Un nouveau problème se posa, personne ne les vénérait, ils n’étaient que 2 ! Heureusement, Zeross, qui allait devenir Math au fil du temps, connaissait un autre joueur, que nous primes rapidement comme larbin. Las, l’individu en question était belge, se surnommait Glo, et refusait toute autorité et de nous montrer un quelconque respect. Toutefois, il faisait montre d'une puissance de feu inégalée à l'époque (en tout cas par nos 2 camarades rodeurs). Il fallait recruter pour assoir notre autorité et développer la guilde!
Après divers erreurs inhérentes à la position de guilde recruteuse, Math, Glo et Jay décidèrent de ne plus recruter, mais de laisser faire les choses, de laisser primer la qualité à la quantité. Au hasard des quêtes, des rencontres et des amours de chacun, la guilde s'agrandit peu à peu (dans le désordre Audrey, Samy, Tony...) jusqu'à dénombrer une dizaine de membres fidèles, laissant de côtés certains individus (profiteurs ou ayant des désirs que nous ne pouvions pas combler).
Un jour, alors que le moine préféré des croque-morts (Seamus) se baladait au Promontoire, il vit sur le channel une pauvre G/M prénommée Meg Adeth clamer son désir d'emmener du monde du Promontoire à Droknar. Hérésie se dit-il! Sa rodeuse level 20 avait plusieurs fois essayé de franchir ce goulet, cette passe, et à chaque fois avait subi les foudres de la mort. Et voilà que cette fluette guerrière se proposait d'emmener seule un groupe de low-level. Je décidais d'y inviter mon moine, me préparant à m'esbaudir, à m'esclaffer devant la déconfiture de la malvenue.

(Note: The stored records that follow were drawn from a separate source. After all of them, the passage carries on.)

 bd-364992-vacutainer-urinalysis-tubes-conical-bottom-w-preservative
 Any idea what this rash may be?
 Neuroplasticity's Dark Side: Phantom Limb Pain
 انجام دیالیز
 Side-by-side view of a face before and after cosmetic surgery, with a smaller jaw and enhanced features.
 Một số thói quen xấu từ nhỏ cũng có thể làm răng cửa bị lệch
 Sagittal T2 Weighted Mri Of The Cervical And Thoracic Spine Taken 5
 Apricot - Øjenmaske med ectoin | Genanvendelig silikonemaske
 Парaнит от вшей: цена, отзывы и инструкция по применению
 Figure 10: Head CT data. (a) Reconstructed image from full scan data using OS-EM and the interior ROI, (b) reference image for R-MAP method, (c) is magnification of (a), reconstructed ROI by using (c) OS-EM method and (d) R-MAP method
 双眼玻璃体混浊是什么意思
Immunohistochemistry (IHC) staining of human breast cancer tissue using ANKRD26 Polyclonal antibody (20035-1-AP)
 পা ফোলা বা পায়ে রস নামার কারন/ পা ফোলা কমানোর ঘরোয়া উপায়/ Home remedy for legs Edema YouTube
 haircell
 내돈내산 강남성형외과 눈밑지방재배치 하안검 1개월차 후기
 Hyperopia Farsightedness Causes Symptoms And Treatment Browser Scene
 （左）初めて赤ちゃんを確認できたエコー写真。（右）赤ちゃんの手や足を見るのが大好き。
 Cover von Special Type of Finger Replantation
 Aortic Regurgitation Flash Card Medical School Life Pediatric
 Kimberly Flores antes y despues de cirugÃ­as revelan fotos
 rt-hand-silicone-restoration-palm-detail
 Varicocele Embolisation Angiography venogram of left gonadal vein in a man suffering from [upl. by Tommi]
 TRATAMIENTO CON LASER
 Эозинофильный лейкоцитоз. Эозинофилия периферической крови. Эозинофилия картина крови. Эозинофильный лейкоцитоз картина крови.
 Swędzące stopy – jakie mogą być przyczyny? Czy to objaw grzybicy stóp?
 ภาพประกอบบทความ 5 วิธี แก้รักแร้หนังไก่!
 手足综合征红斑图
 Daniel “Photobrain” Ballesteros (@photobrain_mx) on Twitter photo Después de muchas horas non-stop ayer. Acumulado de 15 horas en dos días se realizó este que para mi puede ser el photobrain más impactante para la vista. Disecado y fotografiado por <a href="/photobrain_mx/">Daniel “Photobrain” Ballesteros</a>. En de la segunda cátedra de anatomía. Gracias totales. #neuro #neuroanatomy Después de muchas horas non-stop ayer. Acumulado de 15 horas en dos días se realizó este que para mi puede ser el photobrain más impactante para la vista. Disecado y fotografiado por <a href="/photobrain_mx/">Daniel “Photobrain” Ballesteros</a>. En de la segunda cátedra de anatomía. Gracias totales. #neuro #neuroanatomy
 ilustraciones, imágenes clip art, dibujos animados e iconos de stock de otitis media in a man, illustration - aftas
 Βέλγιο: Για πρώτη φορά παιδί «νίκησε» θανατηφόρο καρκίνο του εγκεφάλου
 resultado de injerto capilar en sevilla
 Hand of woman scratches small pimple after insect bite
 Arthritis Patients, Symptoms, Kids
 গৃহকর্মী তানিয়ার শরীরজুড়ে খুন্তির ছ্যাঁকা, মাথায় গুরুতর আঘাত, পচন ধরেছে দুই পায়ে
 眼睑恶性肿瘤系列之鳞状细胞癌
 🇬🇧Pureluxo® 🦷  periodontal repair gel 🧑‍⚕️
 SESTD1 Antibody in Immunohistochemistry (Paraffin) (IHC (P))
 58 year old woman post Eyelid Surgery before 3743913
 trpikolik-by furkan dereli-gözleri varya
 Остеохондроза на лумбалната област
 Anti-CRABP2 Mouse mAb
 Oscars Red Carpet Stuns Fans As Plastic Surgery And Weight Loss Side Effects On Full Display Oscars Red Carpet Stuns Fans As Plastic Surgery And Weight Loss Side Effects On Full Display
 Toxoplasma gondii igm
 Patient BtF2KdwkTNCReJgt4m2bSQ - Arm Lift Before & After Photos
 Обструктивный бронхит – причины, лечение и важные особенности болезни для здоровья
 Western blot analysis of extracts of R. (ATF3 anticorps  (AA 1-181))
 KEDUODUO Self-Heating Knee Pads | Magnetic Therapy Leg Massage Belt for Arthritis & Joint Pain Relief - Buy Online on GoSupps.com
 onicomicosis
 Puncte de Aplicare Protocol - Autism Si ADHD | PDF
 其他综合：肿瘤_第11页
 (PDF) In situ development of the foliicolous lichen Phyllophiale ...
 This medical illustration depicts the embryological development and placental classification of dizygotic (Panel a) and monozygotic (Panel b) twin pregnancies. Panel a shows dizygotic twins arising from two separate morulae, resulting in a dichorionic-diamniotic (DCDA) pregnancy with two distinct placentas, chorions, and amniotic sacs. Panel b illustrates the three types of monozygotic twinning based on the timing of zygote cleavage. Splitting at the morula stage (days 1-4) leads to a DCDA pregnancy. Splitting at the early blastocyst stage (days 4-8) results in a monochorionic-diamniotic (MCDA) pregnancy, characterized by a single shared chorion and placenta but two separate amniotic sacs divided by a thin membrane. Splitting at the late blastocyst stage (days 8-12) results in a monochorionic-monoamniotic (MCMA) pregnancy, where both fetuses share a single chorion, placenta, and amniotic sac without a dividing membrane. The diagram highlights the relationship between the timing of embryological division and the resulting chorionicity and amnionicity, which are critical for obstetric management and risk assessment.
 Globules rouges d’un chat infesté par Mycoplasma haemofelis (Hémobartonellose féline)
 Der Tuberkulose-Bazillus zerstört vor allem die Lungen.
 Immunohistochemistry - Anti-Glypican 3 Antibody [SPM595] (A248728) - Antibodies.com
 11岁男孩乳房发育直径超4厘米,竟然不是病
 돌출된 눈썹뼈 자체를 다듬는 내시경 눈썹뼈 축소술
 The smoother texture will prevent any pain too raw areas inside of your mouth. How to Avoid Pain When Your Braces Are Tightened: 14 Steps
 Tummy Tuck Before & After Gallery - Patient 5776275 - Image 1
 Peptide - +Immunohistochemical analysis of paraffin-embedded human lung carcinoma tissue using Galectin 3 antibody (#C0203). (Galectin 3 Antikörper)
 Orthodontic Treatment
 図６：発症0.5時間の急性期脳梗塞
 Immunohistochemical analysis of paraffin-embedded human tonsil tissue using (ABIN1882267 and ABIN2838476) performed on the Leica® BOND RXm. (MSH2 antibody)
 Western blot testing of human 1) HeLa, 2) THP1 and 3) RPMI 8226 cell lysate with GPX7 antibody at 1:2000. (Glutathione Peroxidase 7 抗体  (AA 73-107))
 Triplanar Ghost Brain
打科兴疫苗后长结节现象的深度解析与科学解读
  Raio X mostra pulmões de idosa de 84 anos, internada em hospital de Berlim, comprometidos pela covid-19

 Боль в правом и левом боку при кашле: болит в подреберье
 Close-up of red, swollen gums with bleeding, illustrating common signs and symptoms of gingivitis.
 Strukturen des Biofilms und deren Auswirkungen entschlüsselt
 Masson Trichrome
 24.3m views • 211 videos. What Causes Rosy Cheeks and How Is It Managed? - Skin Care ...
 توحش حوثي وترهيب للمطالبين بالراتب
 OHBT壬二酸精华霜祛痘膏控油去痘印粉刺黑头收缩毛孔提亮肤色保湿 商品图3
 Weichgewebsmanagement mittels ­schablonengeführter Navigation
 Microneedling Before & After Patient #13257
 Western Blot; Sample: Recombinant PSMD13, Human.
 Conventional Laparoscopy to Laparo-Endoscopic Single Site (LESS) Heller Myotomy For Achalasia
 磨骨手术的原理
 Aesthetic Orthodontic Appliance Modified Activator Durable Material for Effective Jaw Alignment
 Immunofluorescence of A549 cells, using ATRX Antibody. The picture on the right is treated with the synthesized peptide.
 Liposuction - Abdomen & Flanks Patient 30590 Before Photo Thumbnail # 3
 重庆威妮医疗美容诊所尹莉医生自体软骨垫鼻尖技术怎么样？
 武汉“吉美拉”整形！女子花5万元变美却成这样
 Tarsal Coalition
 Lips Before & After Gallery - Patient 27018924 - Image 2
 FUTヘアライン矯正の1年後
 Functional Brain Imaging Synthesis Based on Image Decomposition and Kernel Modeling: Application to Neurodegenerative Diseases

Quelle ne fut pas ma surprise de voir la guerrière courrir, virevolter, tourbillonner jusqu'à rendre fous ces pauvres monstres pour lesquels je ressentais presque de la pitié. Au bout d'un temps incroyablement court, la gente Demoiselle nous mena directement aux portes des forges de Droknar, gagnant ainsi un respect hautement mérité. De fil en aiguille, l'admiration se transforma en copinage puis en amitié entre la noble amazone et le fier homme d'église. Mais un drame couvait...
Cette charmante héroïne des temps modernes appartenait à une guilde dont les membres lui étaient chers, mais ô combien absents. N'écoutant que son coeur tendre, et faisant preuve de la compassion que chacun lui connait, Seamus décida d'inviter Meg Adeth, ainsi que tous ses collègues dans sa propre guilde. Après une longue réflexion, ils décidèrent d'accepter la digne proposition, et ils vinrent renforcer nos rangs. La guilde FpN avait pour la 1e fois passé le cap des 20 membres.
C’est probablement ainsi que vous, lecteur qui me lisez (un lecteur qui lit, incroyable!!), vous êtes arrivés dans la guilde, que nous nous sommes rencontrés, que nous nous sommes appréciés et qu’aujourd’hui, des amitiés sont nées.